§ **EXERCISE**
What must be written out is each line from the one holding "Thumbnail 2 in" through the end of the records, word for word, minus any pictures.

§ **Extracted data entries**
--
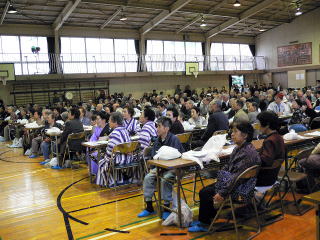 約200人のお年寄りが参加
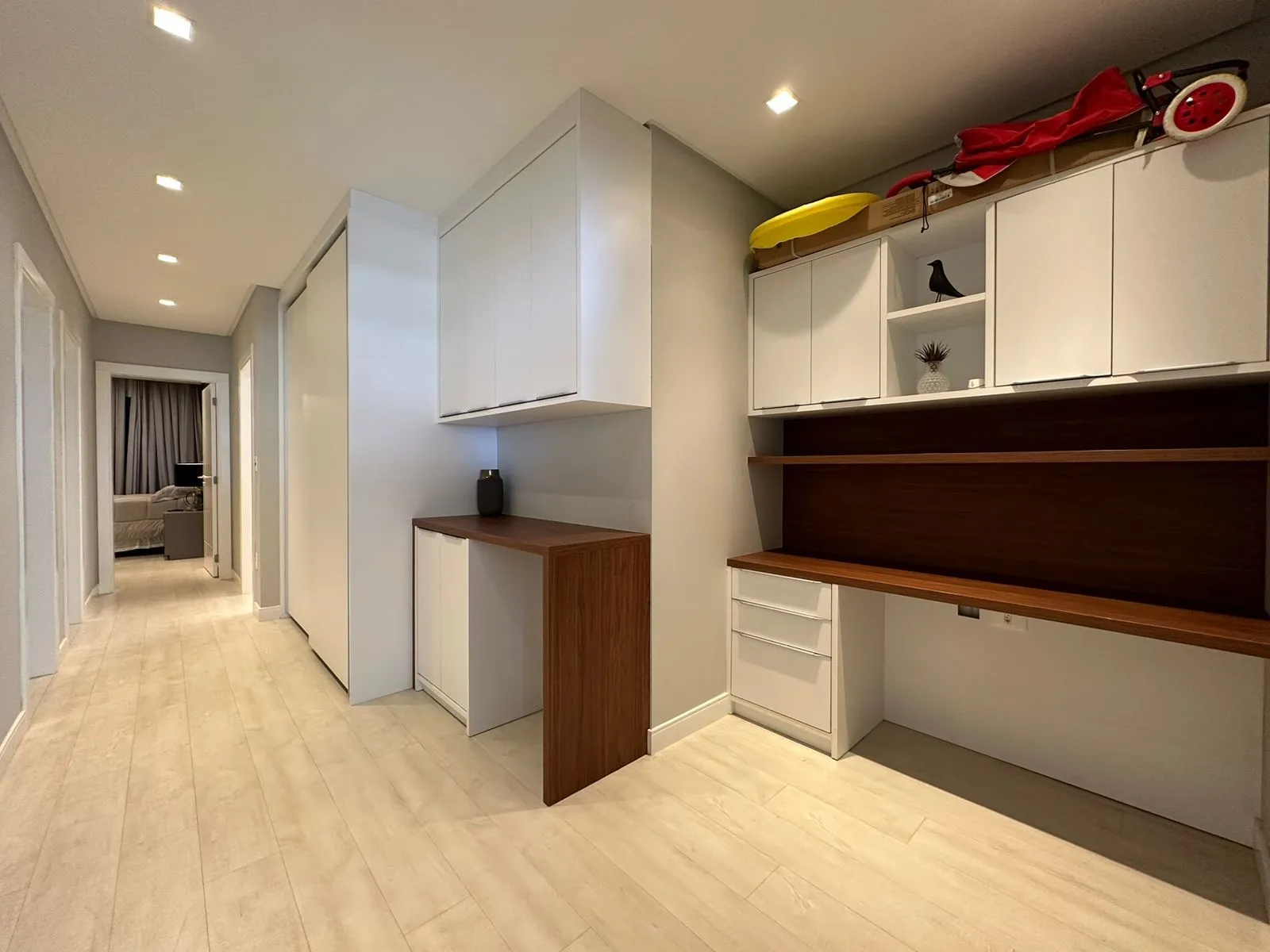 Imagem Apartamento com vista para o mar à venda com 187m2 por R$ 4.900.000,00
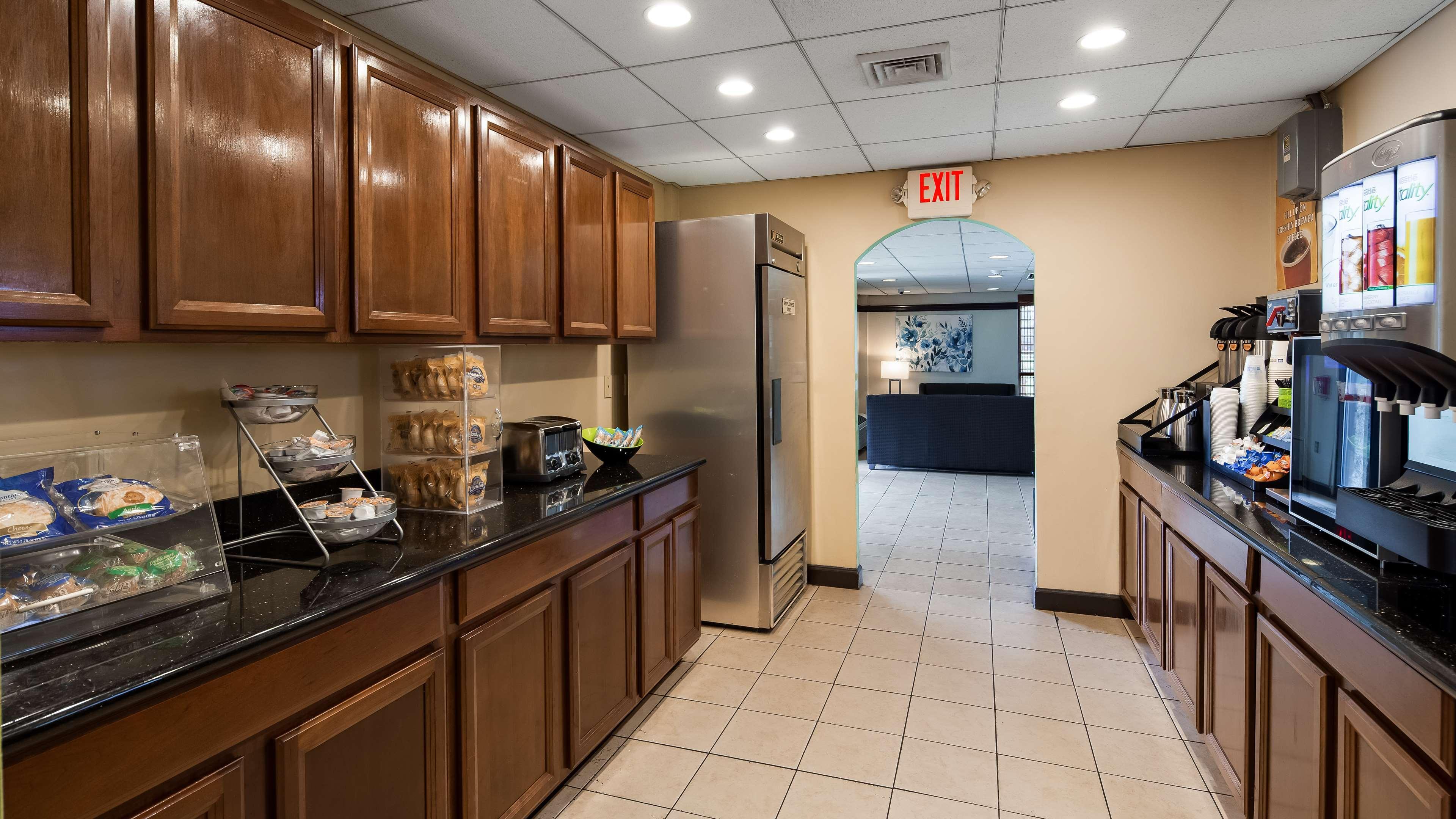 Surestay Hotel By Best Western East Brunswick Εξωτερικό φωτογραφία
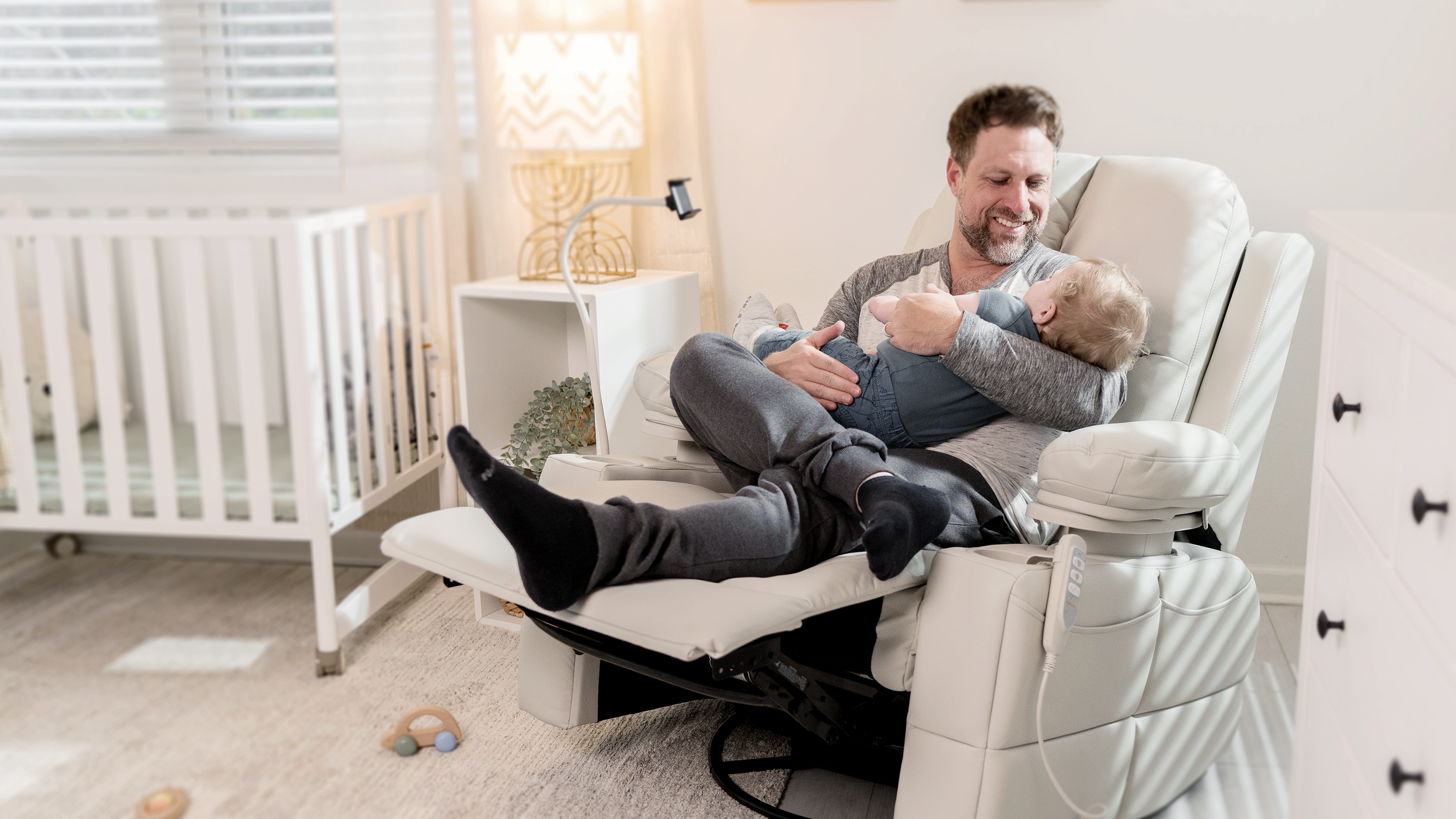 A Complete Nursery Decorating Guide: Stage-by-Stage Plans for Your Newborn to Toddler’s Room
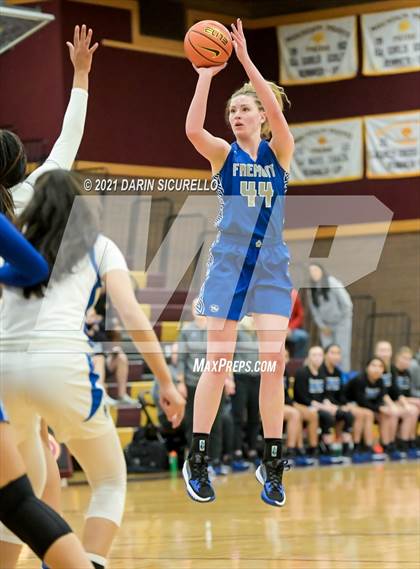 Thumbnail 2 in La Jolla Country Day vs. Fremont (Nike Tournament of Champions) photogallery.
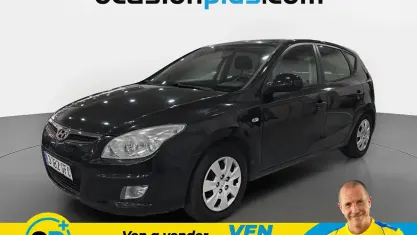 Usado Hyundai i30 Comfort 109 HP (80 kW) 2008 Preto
--
§ **ANSWER BOX**
 Thumbnail 2 in La Jolla Country Day vs. Fremont (Nike Tournament of Champions) photogallery.
 Usado Hyundai i30 Comfort 109 HP (80 kW) 2008 Preto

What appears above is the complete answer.